Islamic State crisis: US intensifies airs strikes in Kobane
US-led forces have stepped up air strikes against Islamic State (IS) fighters threatening the Syrian town of Kobane, near the Turkish border.
The coalition had carried out 21 strikes over two days, a sharp increase that slowed IS advances, the US said.
President Barack Obama predicted a "long-term campaign" against the group, which holds swathes of Syria and Iraq.
He was speaking at a meeting of military commanders from 22 countries that have joined the anti-IS coalition.
"This is an operation that involves the world" against IS, Mr Obama said after the meeting at Andrews Air Force Base near Washington.
"There are going to be periods of progress and setbacks," he added.
President Obama said the allies were "deeply concerned" about the situation in and around Kobane.
The battle for the predominantly Kurdish town has lasted for a month and is regarded as a major test of whether the coalition's air campaign can push back IS.
US-led forces have been carrying out air strikes in support of Kurdish forces there for two weeks.
In a statement, the US military said Tuesday's raids had destroyed IS buildings and military vehicles.
It added that the situation on the ground "remains fluid, with IS attempting to gain territory and Kurdish militia continuing to hold out".
Abdulrahman Kok, a Kurdish journalist in Kobane, told Reuters news agency that the air strikes had lasted throughout Tuesday, calling it "a first".
But he added that IS had intensified its own shelling later in the afternoon.
IS is believed to control about half of the town, from which more than 160,000 people have fled.
Capturing it would give the group unbroken control of a long stretch of the Syrian-Turkish border.
Mr Obama also said the US was "also focused on the fighting that is taking place in Iraq's Anbar province".
The militants have made significant gains in the western province in recent weeks, despite air strikes from the US and its allies since August.

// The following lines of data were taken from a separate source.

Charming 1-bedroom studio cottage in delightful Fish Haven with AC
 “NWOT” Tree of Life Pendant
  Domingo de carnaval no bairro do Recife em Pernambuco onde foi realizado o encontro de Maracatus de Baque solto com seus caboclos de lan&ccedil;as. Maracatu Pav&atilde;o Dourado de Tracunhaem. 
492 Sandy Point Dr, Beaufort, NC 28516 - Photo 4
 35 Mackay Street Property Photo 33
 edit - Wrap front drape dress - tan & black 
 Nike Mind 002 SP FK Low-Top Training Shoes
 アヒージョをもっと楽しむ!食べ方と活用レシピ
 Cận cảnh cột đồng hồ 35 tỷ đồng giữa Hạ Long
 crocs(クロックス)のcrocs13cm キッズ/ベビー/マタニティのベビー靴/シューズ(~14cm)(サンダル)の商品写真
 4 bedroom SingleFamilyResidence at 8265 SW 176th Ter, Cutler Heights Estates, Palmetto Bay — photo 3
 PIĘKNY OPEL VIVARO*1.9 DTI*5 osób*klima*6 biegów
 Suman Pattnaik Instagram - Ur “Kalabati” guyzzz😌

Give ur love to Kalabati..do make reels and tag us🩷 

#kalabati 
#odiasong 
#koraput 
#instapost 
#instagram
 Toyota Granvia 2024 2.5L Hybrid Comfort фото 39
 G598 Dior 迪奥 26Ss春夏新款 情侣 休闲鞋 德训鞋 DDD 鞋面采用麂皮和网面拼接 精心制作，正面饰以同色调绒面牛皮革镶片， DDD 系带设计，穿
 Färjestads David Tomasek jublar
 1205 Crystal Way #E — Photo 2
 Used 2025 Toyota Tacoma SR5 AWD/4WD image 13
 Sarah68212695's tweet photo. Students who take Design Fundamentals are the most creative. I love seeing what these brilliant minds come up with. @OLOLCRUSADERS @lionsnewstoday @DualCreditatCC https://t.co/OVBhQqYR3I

The battles in both Anbar and Kobane illustrated the threat posed by IS and "coalition air strikes will continue in both these areas", he said.
In other developments:
- The White House said President Obama would discuss the fight against IS in a video conference on Wednesday with British, French, German and Italian leaders
- Lakhdar Brahimi, the former UN and Arab League special envoy to Syria, called for Iran to be part of political and military initiatives to stop IS
- At least 10 Syrian soldiers were killed in fighting against IS militants in the eastern province of Deir Ezzor, activists said
- Two Iraqi journalists have been killed by IS in the past four days, the advocacy group Reporters Without Borders said.